** Opening DATA SECTION block **

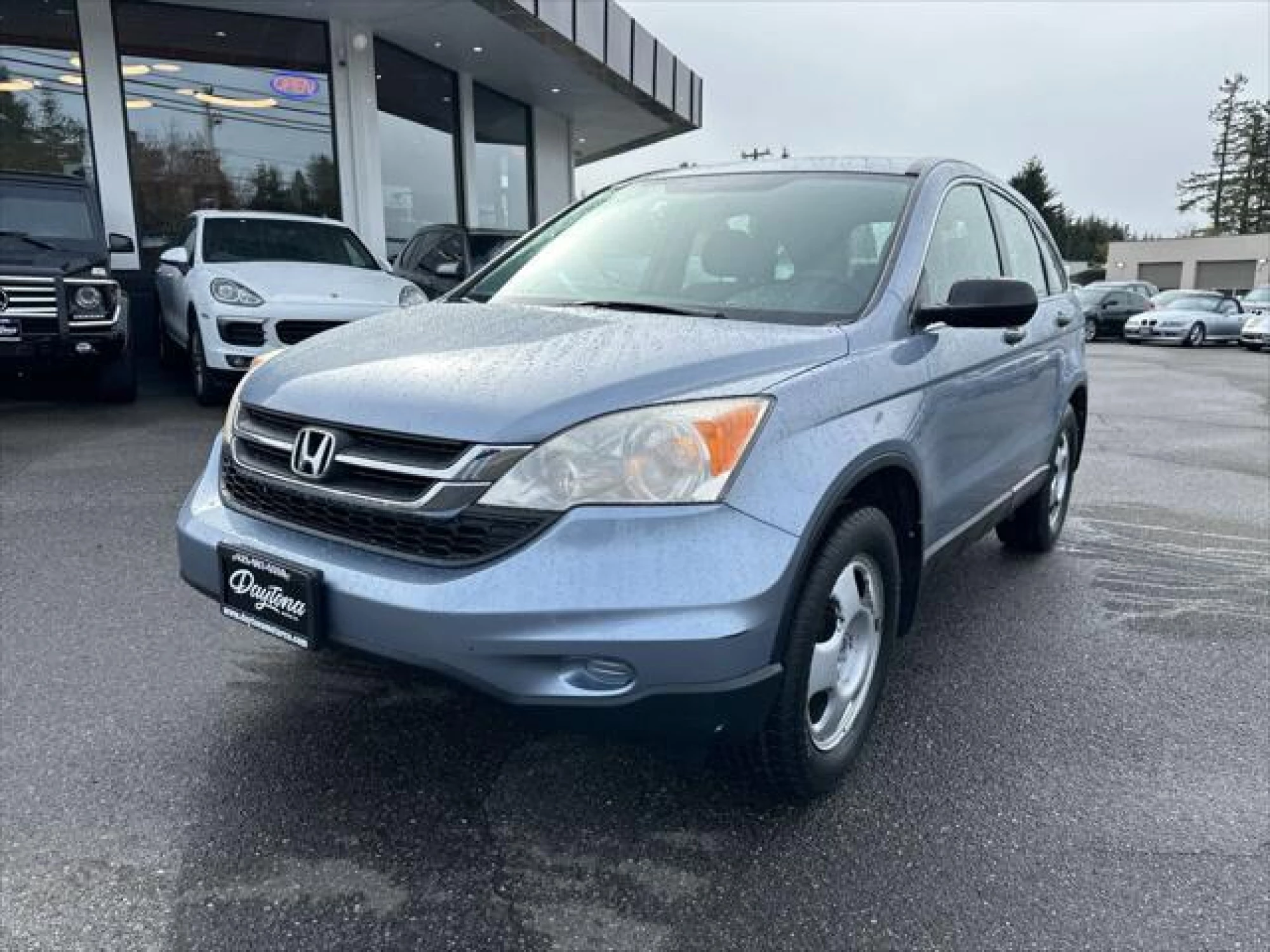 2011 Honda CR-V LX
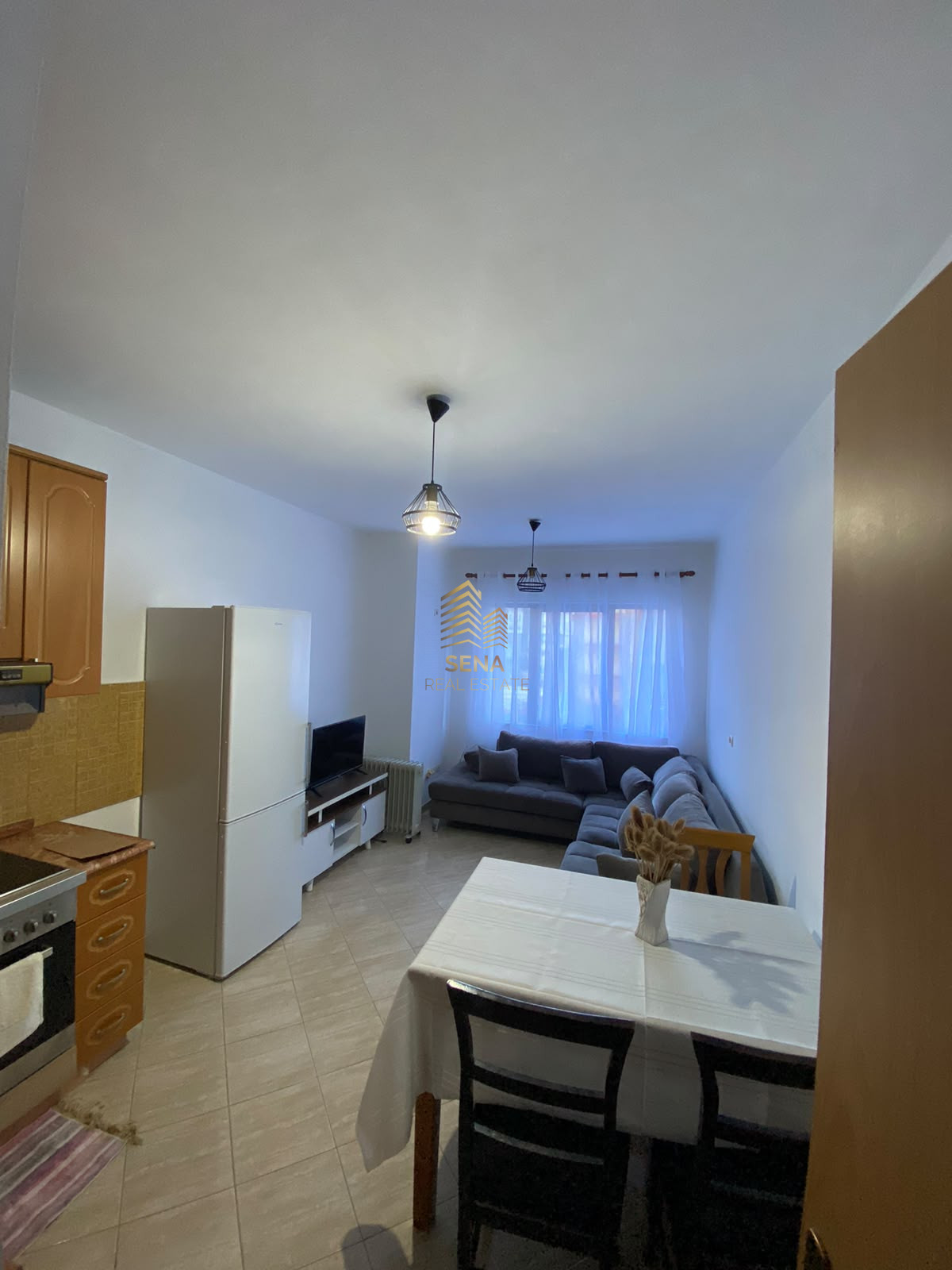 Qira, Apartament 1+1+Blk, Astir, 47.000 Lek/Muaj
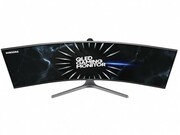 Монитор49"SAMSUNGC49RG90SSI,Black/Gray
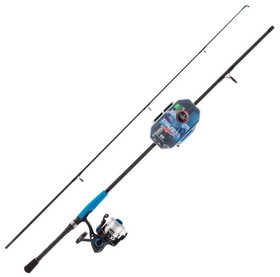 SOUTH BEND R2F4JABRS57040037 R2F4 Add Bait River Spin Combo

** Closing DATA SECTION block **
** Opening DATA SECTION block **

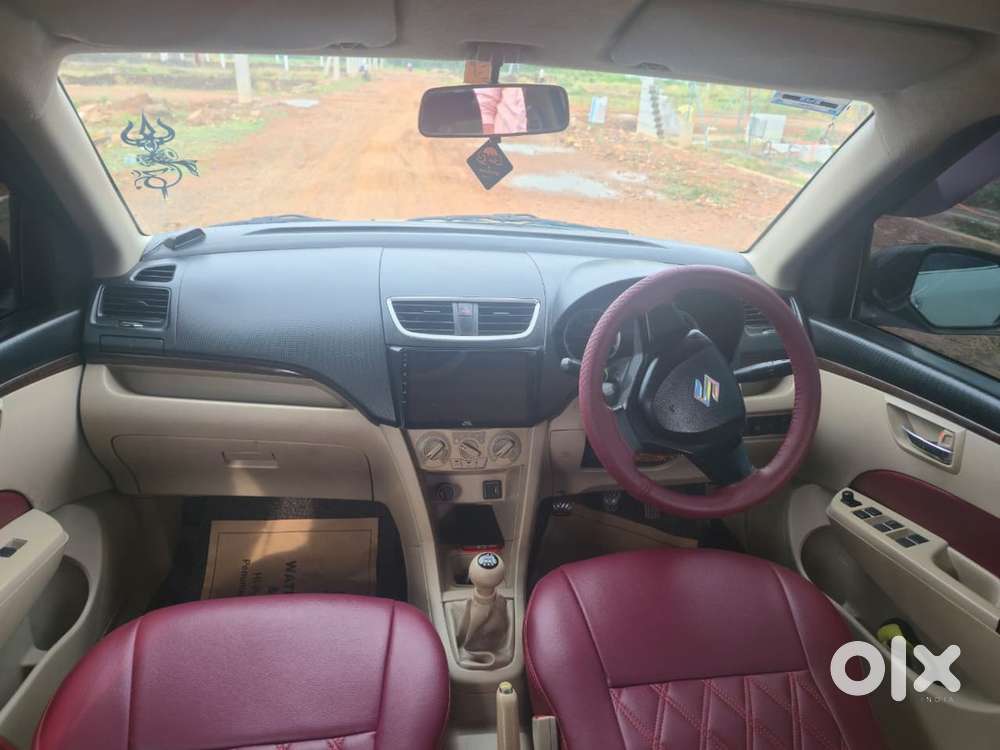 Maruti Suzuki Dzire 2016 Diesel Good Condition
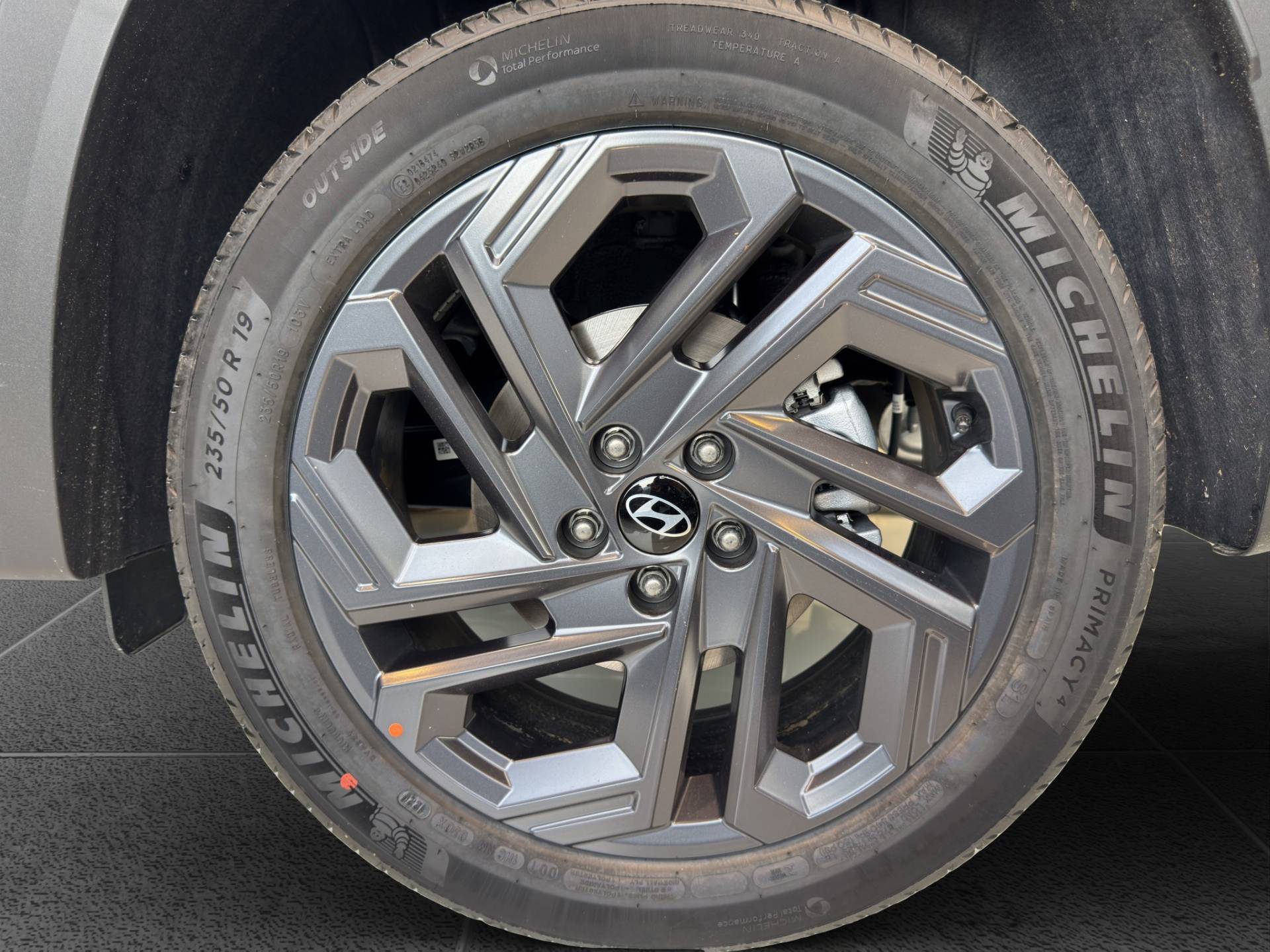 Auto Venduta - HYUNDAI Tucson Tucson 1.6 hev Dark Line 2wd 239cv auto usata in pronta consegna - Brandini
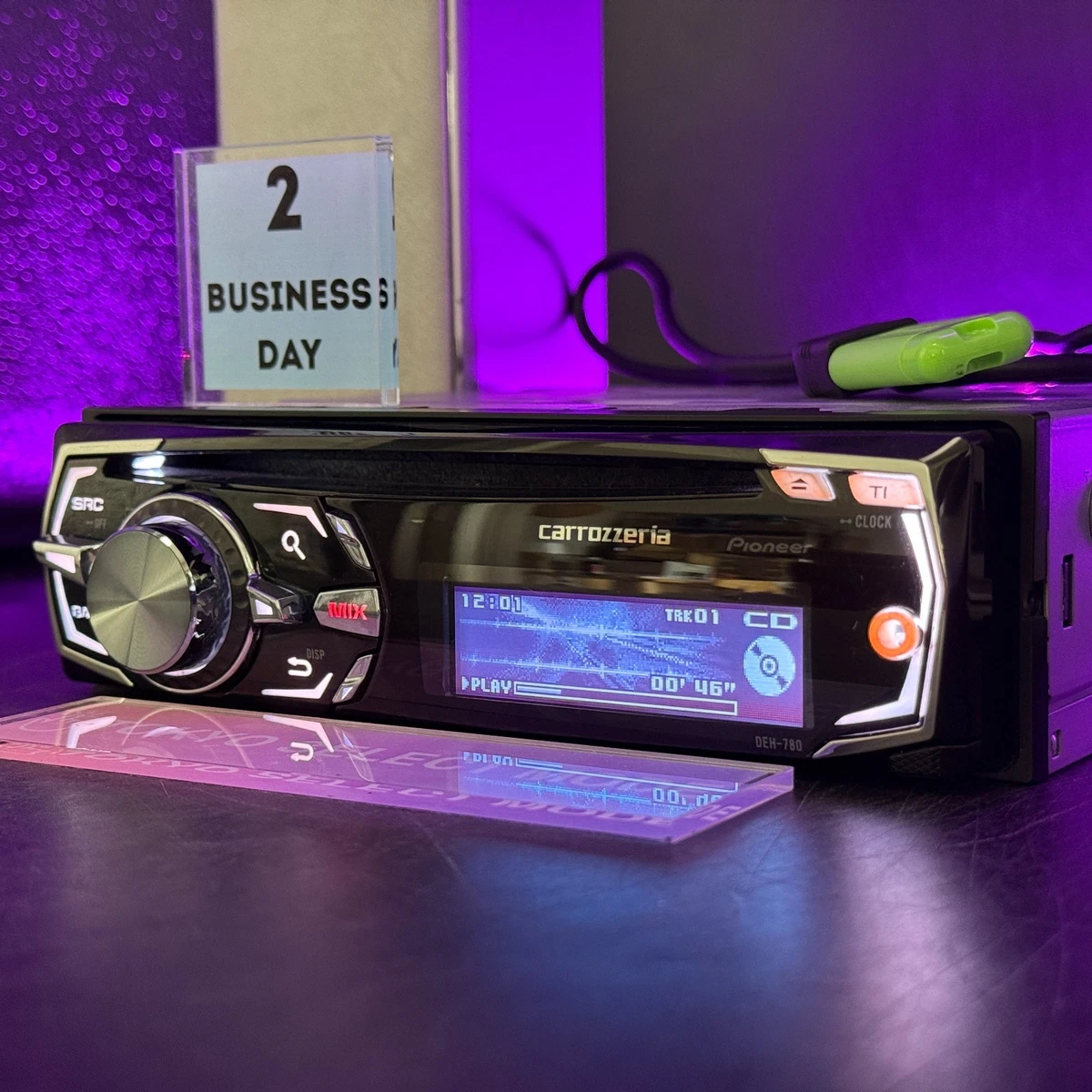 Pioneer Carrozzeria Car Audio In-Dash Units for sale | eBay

** Closing DATA SECTION block **

- YOUR OBJECTIVE: Set down word for word the lines above from the one with "2011 Honda CR-V LX" up to and including the one with "SOUTH BEND R2F4JABRS57040037". Omit every picture.

- EXERCISE OUTPUT:
 2011 Honda CR-V LX
 Qira, Apartament 1+1+Blk, Astir, 47.000 Lek/Muaj
 Монитор49"SAMSUNGC49RG90SSI,Black/Gray
 SOUTH BEND R2F4JABRS57040037 R2F4 Add Bait River Spin Combo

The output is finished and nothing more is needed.